Whilst this certainly shows discipline in a market that is not known for such a trait, their subscription model seems short sighted for a venture-backed company raising so much capital. The consumer investing space is highly competitive, with the market leaders such as Robinhood, eToro and Revolut offering free products, instead monetising off transaction fees or secondary products. 

This approach is certainly at risk of limiting their total addressable market, with only a handful of consumer subscription businesses ever having reached venture scale due to inherent weaknesses in the business model

Additionally Dub isn’t the first app to come up with the idea of copying trades, it’s already a crowded space with incumbents like eToro and startup rivals like Autopilot who have gained traction through organic content on short-form video platforms.
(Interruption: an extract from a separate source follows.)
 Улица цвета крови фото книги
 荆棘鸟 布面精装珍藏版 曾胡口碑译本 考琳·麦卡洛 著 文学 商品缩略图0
Autopilot's recent marketing campaign, centered around politician trading patterns, included sponsoring a UFC event with the slogan "Trade Like a Politician" and hiring a a Nancy Pelosi impersonator to attend the event.
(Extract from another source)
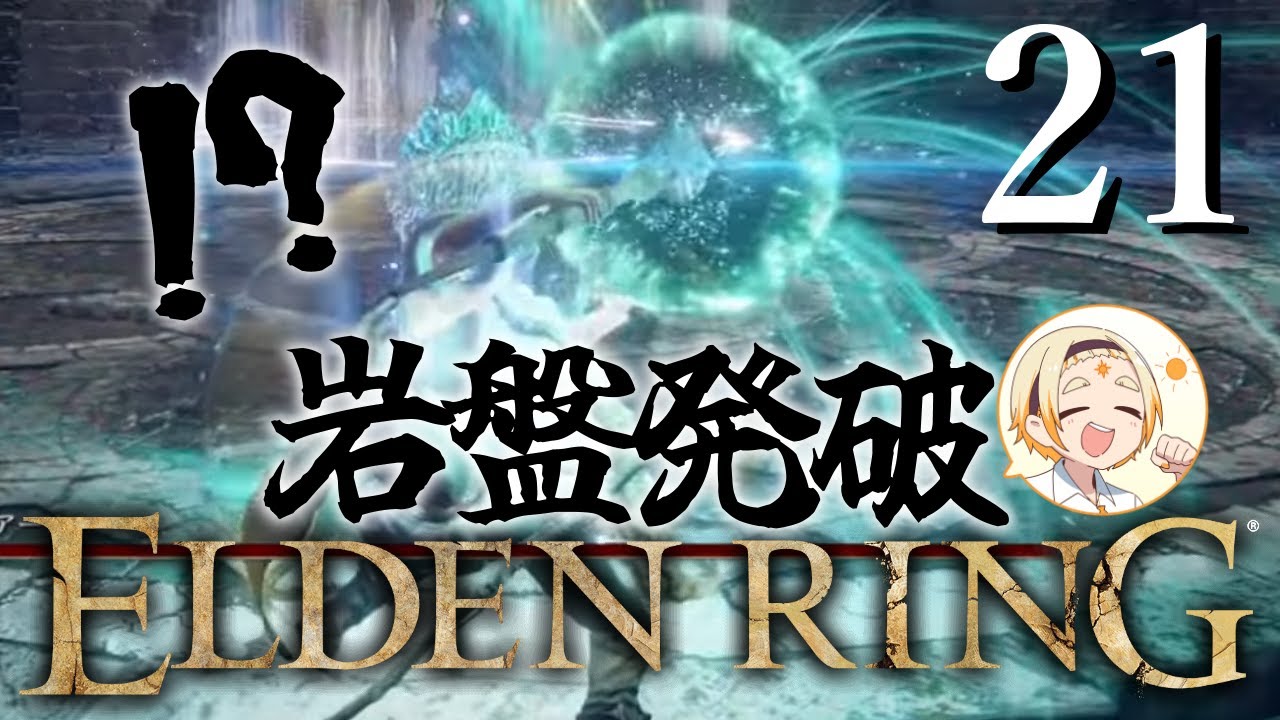 【エルデンリング】🌞素寒貧から王になるまでガチ初見プレイ!!～岩盤発破って...1000000万通りあるねん～🌞【善額サンパロー】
However, Dub’s most interesting mechanic is the ability for traders to earn a management fee of anyone following their trades, a novel take on the creator economy. This creates a powerful growth mechanism where successful traders are incentivized to attract new users, effectively providing Dub with a free customer acquisition channel. 

This approach differs from conventional creator economy startups, which have struggled to build venture-scale businesses. Most users are reluctant to pay for multiple independent journalists on Substack or streamers on Patreon, especially given the abundance of free content on YouTube, TikTok, and Instagram.

Whilst unlikely to return investors a strong return with their current business model they’ve undoubtedly achieved a strong level of product-market fit and have a potentially unique customer acquisition channel. It’ll definitely be interesting to see where things go from here.